Liz Truss’ Downing Street portrait has been released - and everyone’s making the same joke

Liz Truss’ Downing Street portrait has been released - and everyone’s making the same joke
Liz Truss calls her 49 days as PM a 'setback'
The Heritage Foundation

Britain’s shortest-serving prime minister, Liz Truss, has had her unbelievably short time in office recognised in Downing Street this week, as her official portrait has been put up on the yellow staircase alongside previous PMs such as Margaret Thatcher and Tony Blair.
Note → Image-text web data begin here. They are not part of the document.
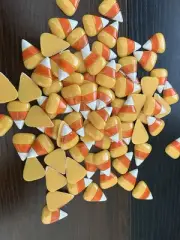 80 HALLOWEEN CANDY CORN FLATBACK FLAT BACK RESINS BOW CENTERS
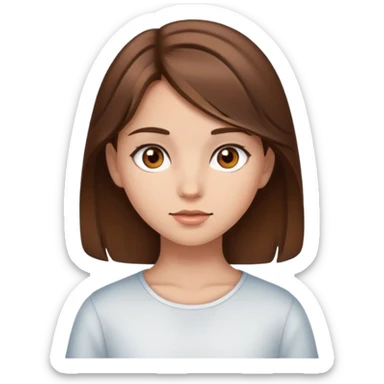 A young girl with brown hair and brown eyes sticker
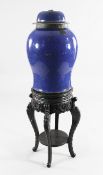 A large Chinese export blue glazed baluster jar and associated cover, 18th century, the jar with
The BBC’s chief political correspondent, Henry Zeffman, reported on Thursday that the former foreign secretary’s picture was being added to the iconic wall alongside her predecessor, Boris Johnson.

Since the end of her premiership in October last year, Truss has insisted it’s “unfair” to blame her for rising interest rates; blamed the “left-wing economic establishment” for her downfall as PM; given a “dangerous” speech in Taiwan; slammed the Daily Star’s lettuce stunt as “puerile” and announced she’s backing Donald Trump for president next year.

Oh, and she’s publishing a book in April which is set to discuss tackling “disastrous ideas” in politics – this, of course, coming from a former prime minister who crashed the economy with her disastrous ‘mini-budget’.

As for the portrait, the image itself was shared by the Daily Express’ senior political correspondent Christian Calgie, and thus, the memes inevitably followed:

Of course, many of the responses mocking Truss referred to the Daily Star lettuce, which the outlet livestreamed to see if it would outlast the MP’s catastrophic premiership (it did).

Hopefully the portrait on the walls of the yellow staircase – which, according to a Freedom of Information request responded to in December, is painted “with a yellow stipple paint finish laid over a white finish" (just in case you were curious) - should last for a good while longer.